▶ Task data:
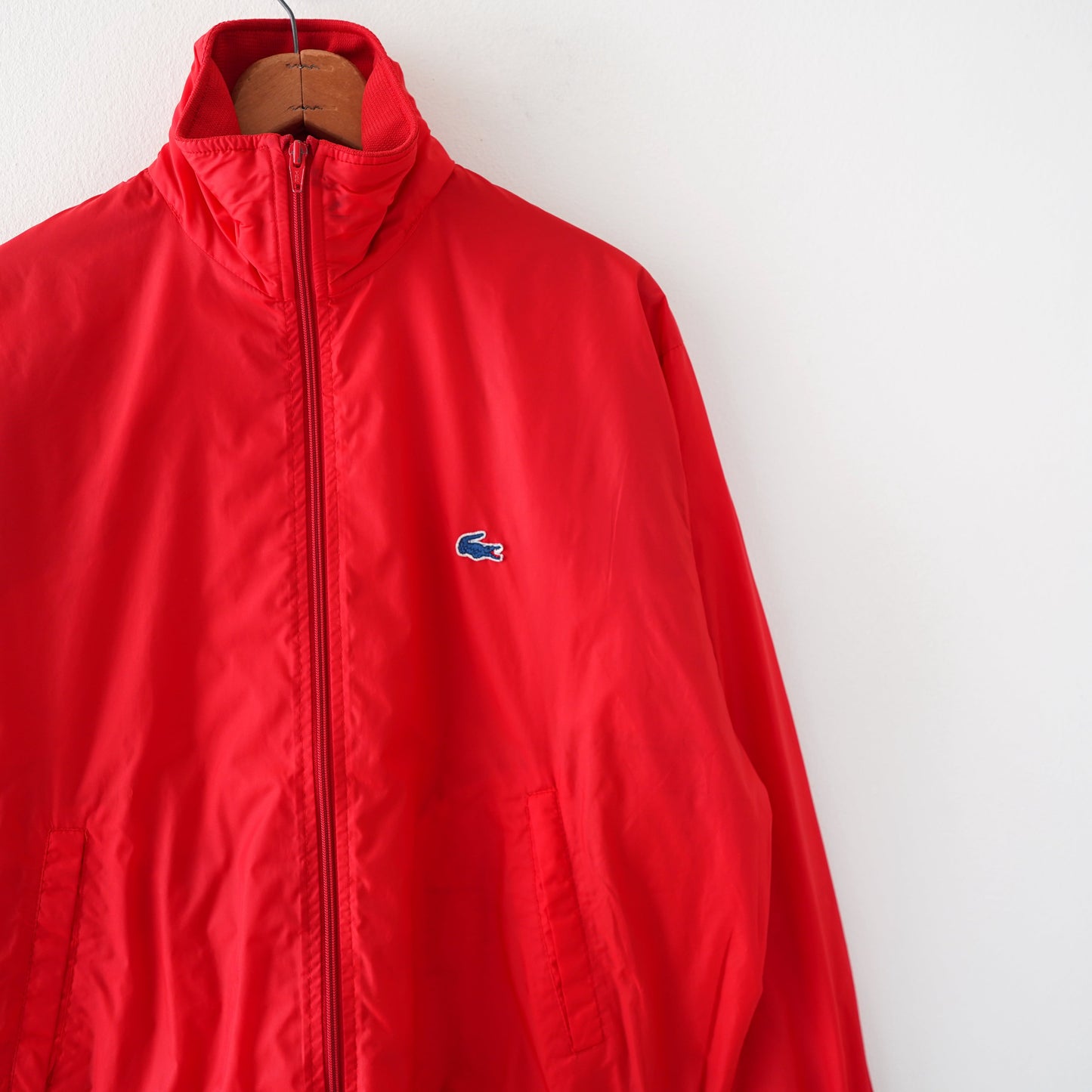 Lacoste Nylon Jacket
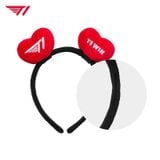  [ORDER] T1 - OFFICIAL GOODS 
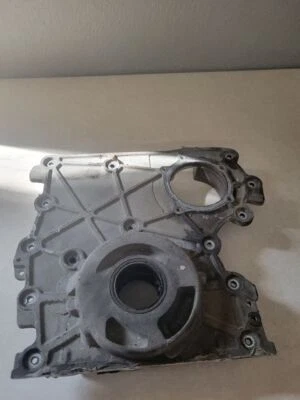 Capa de temporização 2,9L compatível com 04-12 CANYON 4107 - Imagem 1 de 4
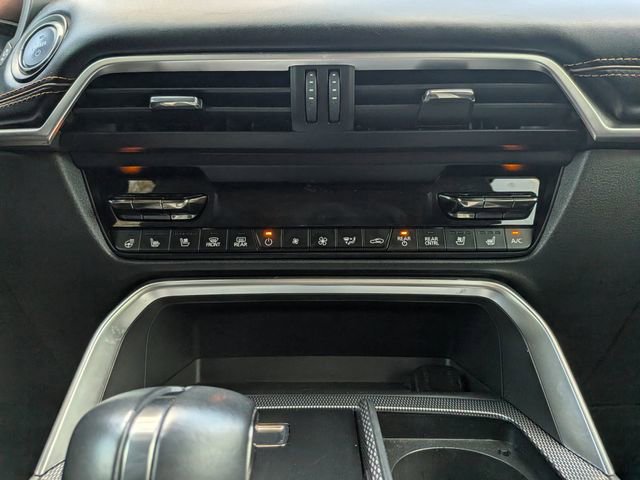 Certified 2024 MAZDA CX-90 Plug-In Hybrid w/ Premium Plus image 20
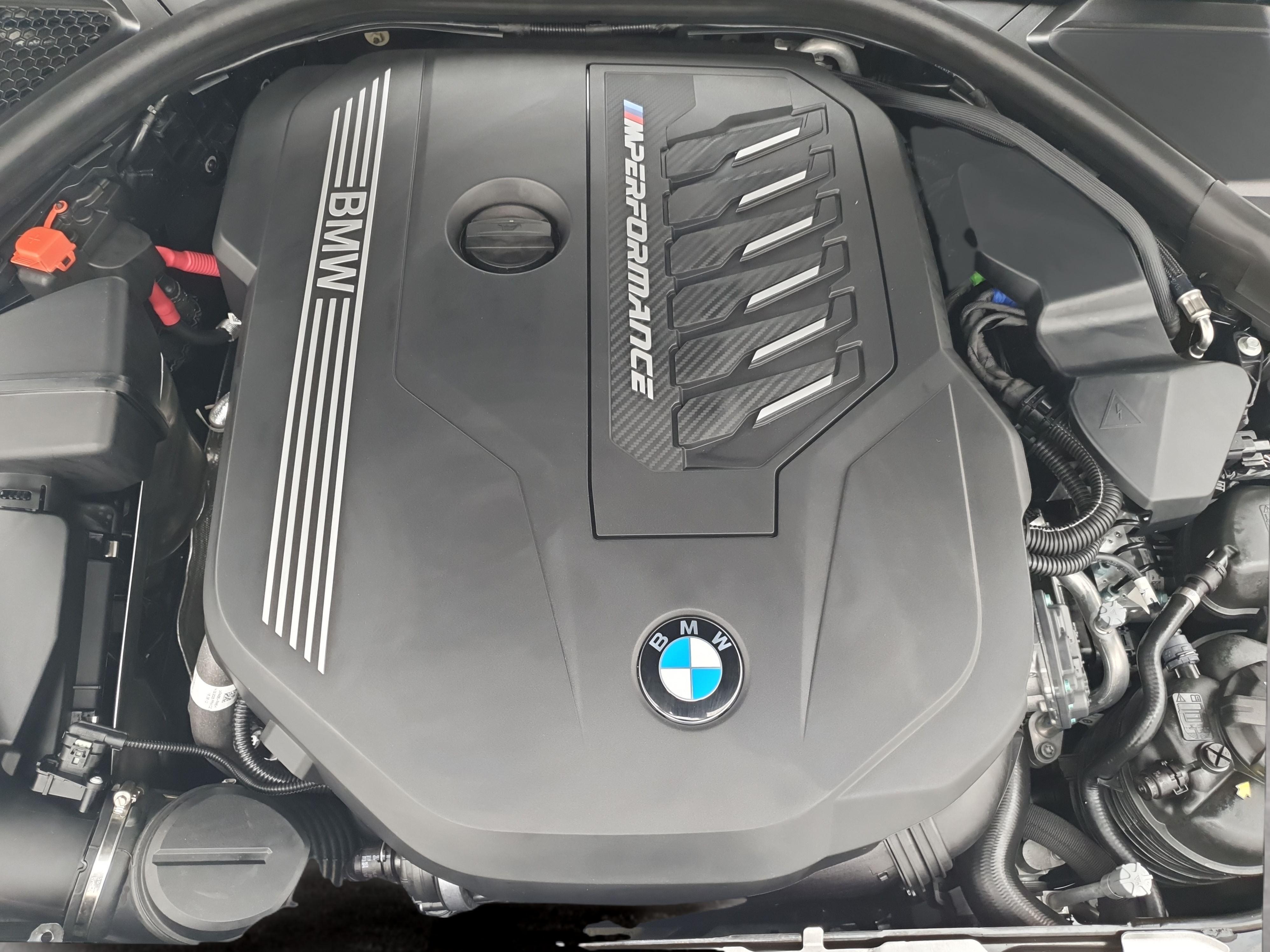 BMW 2er Coupé – Bild 7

▶ Exercise instructions:
Write every record out again exactly, omitting the pictures they hold.

▶ Solution for this problem:
 Lacoste Nylon Jacket
  [ORDER] T1 - OFFICIAL GOODS 
 Capa de temporização 2,9L compatível com 04-12 CANYON 4107 - Imagem 1 de 4
 Certified 2024 MAZDA CX-90 Plug-In Hybrid w/ Premium Plus image 20
 BMW 2er Coupé – Bild 7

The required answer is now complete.